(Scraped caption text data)
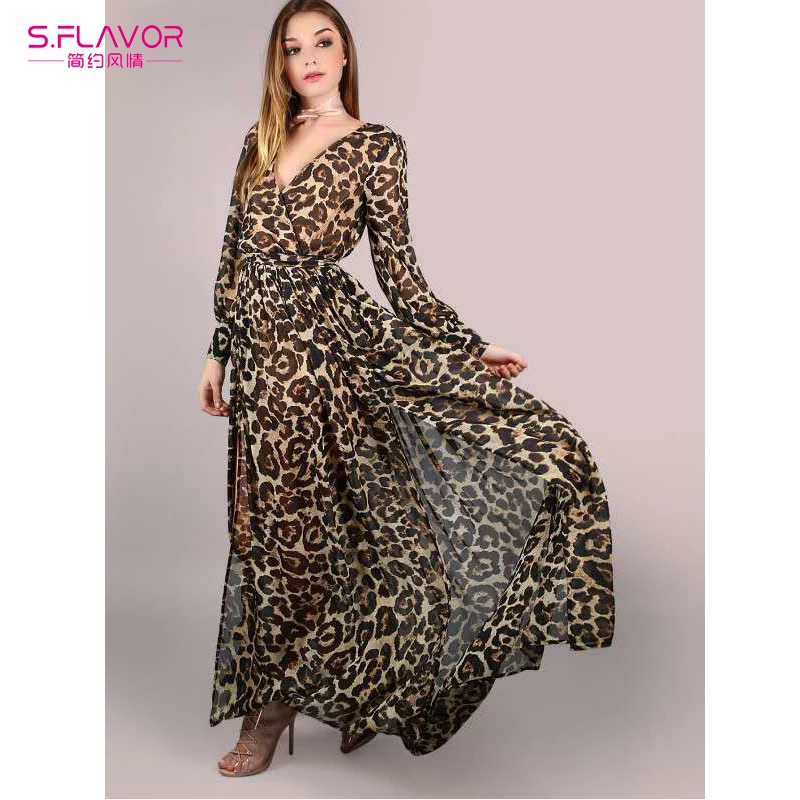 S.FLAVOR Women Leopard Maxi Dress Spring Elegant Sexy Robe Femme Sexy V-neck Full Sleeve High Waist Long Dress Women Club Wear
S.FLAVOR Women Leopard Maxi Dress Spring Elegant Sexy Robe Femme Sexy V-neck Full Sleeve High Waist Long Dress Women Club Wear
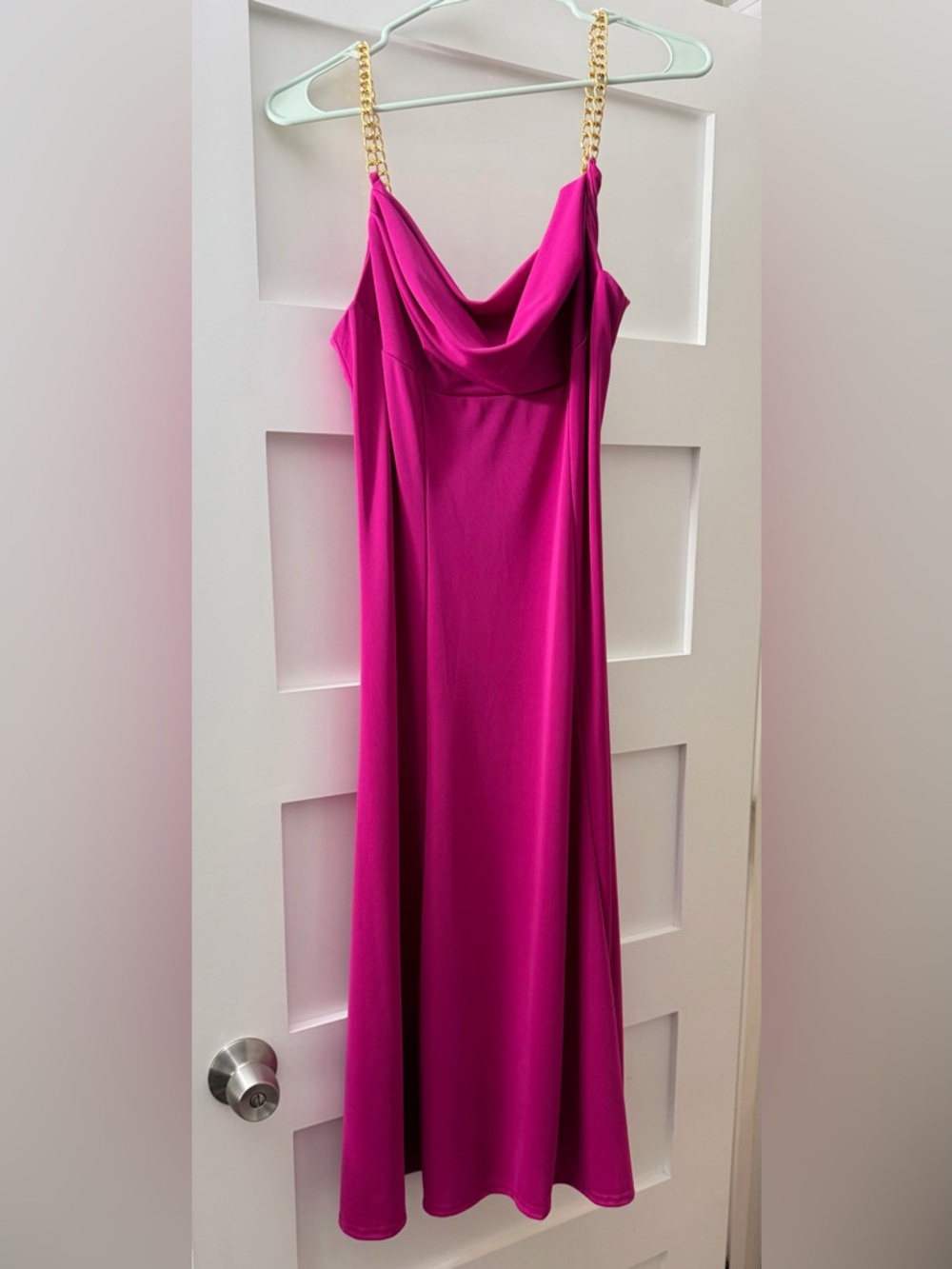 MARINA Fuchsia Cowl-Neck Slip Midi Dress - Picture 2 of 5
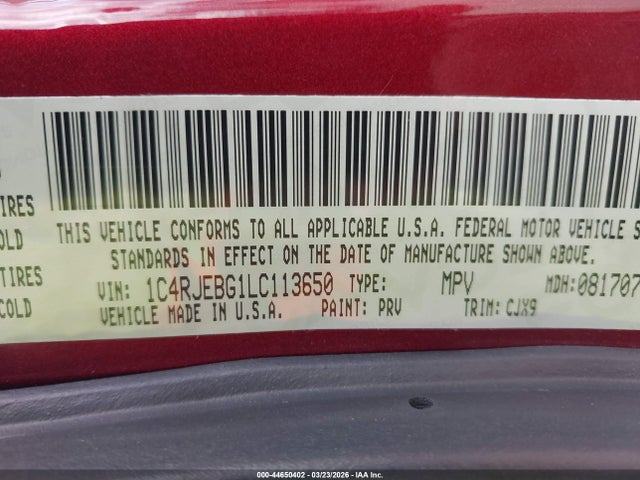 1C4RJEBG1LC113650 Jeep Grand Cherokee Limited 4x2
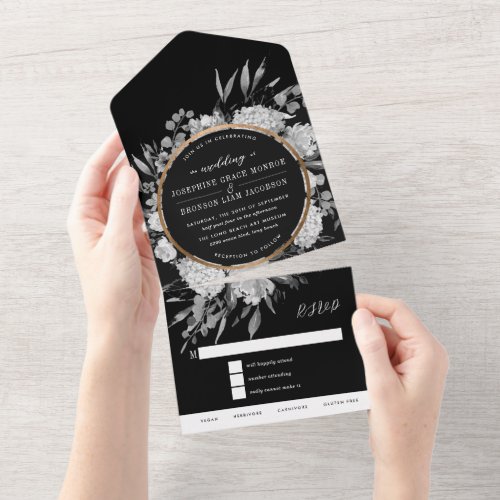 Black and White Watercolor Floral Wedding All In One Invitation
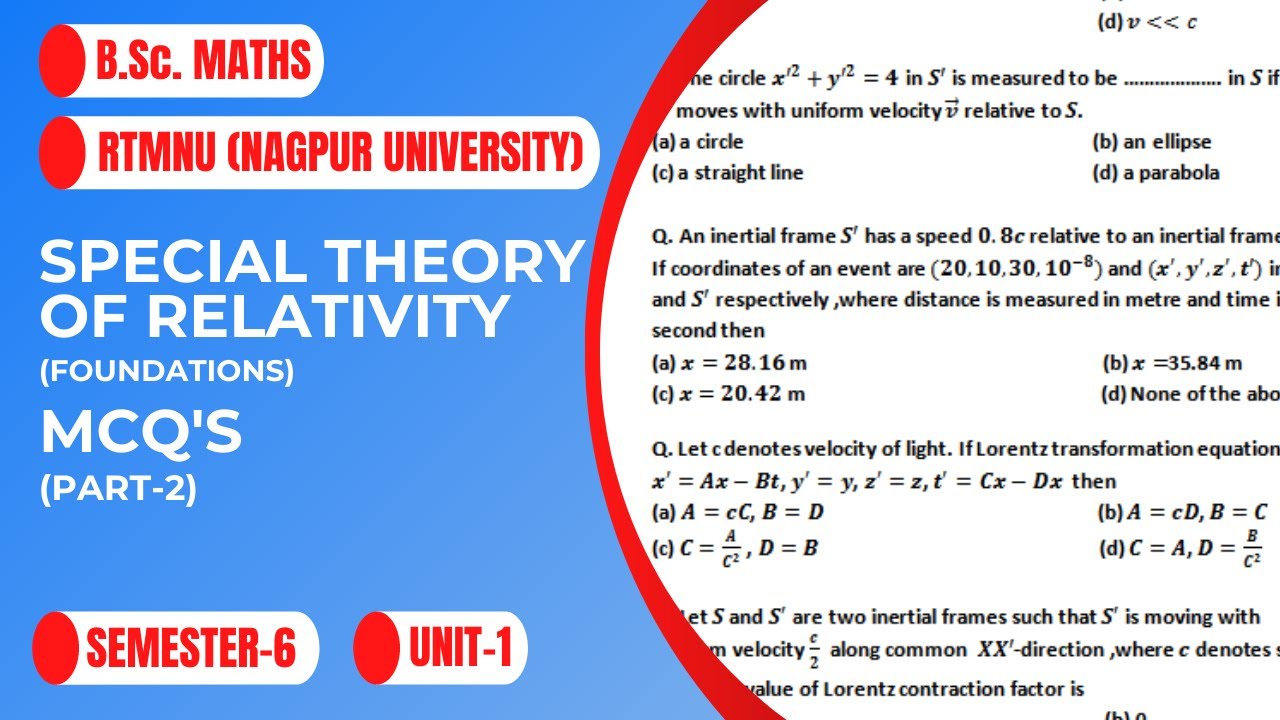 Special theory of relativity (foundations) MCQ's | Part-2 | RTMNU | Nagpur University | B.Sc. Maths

### Task description
Extract exactly the lines above from the line containing "Black and White" through the last one, both ends included, but not the pictures.

### Exercise solution
 Black and White Watercolor Floral Wedding All In One Invitation
 Special theory of relativity (foundations) MCQ's | Part-2 | RTMNU | Nagpur University | B.Sc. Maths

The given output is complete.